Queridos niños: la primera lección es que los maestros sirven para enseñar. Y yo, en mi calidad de maestro y funcionario de la Consejería de Educación, quiero explicaros algunas cosas poco claras que están formando mucho revuelo en este país en las últimas semanas. Se habla de horario lectivo, se habla de despido de funcionarios, se habla de rebaja en los presupuestos, y muchos periodistas y políticos, como profanos que son en el asunto, no saben bien lo que dicen. Yo, que siento y padezco esto todos los días de mi tiempo de lunes a viernes, quería aclararos un par de puntos para que tuvierais la visión más diáfana. Y es que esa es la tarea del maestro desde los tiempos de Jesús y Pitágoras y más atrás: ayudar a los alumnos a que miren bien para no tropezar y darse de morros contra la calzada y las piedras.

Sí, niños, aunque se habla de dieciocho nosotros los maestros echamos muchas más horas en los centros educativos de los que supone la señora Esperanza Aguirre.
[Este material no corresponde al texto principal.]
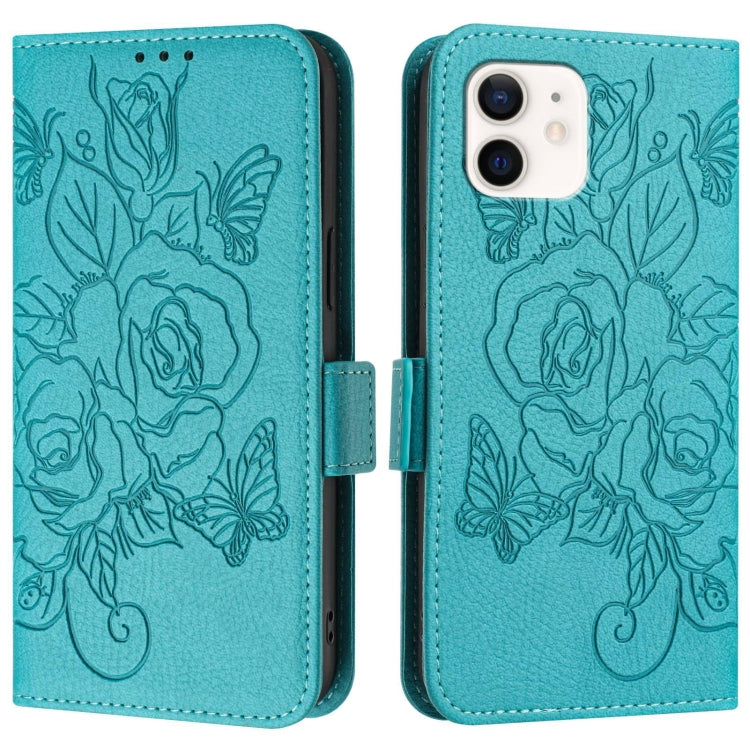 For iPhone 11 Embossed Rose RFID Anti-theft Leather Phone Case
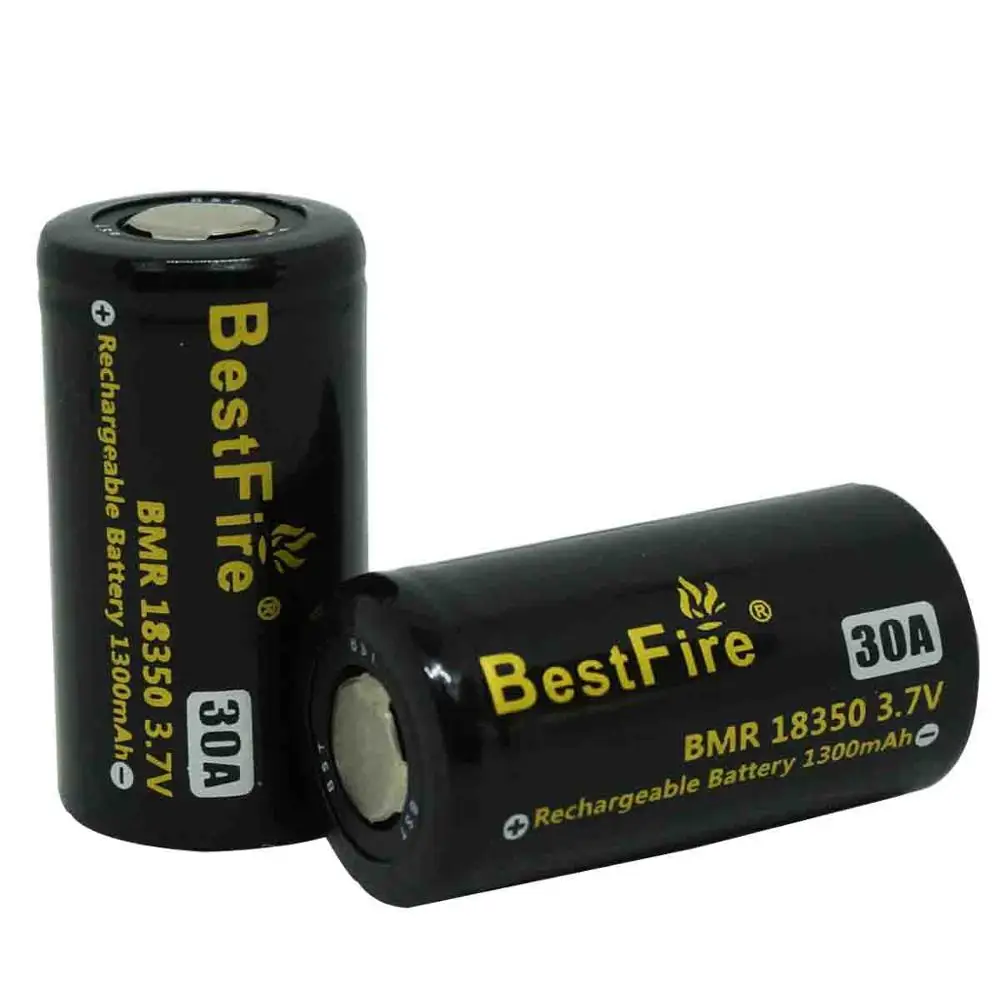 2 шт. Bestfire 18350 батарея 1300 мАч 30A 3 7 V литий ионная аккумуляторная для Kamry K1000 Pipe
Porque educar, y preparar la educación, y reunir material, y corregir, y organizar asambleas, y acudir a la llamada de los inspectores, y salir de excursión, y evaluar competencias, son cosas que no pueden hacerse dentro de un aula abarrotada de niños a los que atender y para las que hay que buscar tiempo fuera de clase. Dieciocho es un número mágico, amén de por marcar la cifra de edad necesaria para alcanzar la madurez legal, por constituir la cantidad de horas pedagógicamente idónea para que un profesor no acabe con los plomos fundidos.

Contra lo que muchos suponen, enseñar no es una profesión relajada. Sin duda el taladrar piedras exige fortaleza física, así como temple de carácter lidiar con delincuentes o desquiciados: sin desmerecer, un maestro ha de ser un individuo dotado de una cantidad respetable de concentración más otra de paciencia para realizar apropiadamente su labor. Veinte, veintiún horas a la semana (de cuatro a cinco diarias) intentando sondear jóvenes cerebros para minarlos de conceptos desconocidos, por no hablar de domar su carácter y desenraizar de él costumbres nocivas traídas de casa (niño, siéntate, niño, aprende a dirigirte a los demás, niño, baja los pies de la mesa, niño, calla, niño, compórtate como es debido) suponen una prueba ingrata para el sistema nervioso y el talante filosófico del maestro, que no todos culminan con la salud intacta. ¿Que de cualquier manera es posible? ¿Que veinte horas tampoco son para tanto? ¿Que nadie se muere por eso? Por supuesto. Del mismo modo, se puede pilotar un avión de pasajeros siete días a la semana, en jornadas de diez horas, sin que nadie llegue a padecer un soponcio; se puede operar cráneos y esternones durante horas y horas, y manejar el bisturí sin que tiemble de momento. Pero nada de eso se hace. Principalmente, porque la fatiga puede acabar con el avión o la vida del paciente, y eso queda mal en las estadísticas.

Lo grave del caso no es que Rajoy mienta o no cuando dice que en Andalucía se trabajan veinte horas lectivas, igual que en la villa y corte, sino que lo diga y se quede tan fresco. Es como defender el trabajo infantil argumentando que en el siglo XIX las fábricas estaban llenas de niños y tampoco pasaba nada: una barbaridad; más: una tontería. Lo que indica el comentario de Rajoy es algo que ya sabemos que forma parte del currículo nuclear del PP: que a ellos les trae sin cuidado la calidad de la educación, y que lo mismo les importa veinte que veinticuatro o treinta, si hiciera falta. Craso error, señores del partido azul: están ustedes cometiendo una falta de la que la historia puede hacerles arrepentirse con creces. Porque el primer enemigo de la democracia no es, con parecerlo, la intolerancia: es el analfabetismo.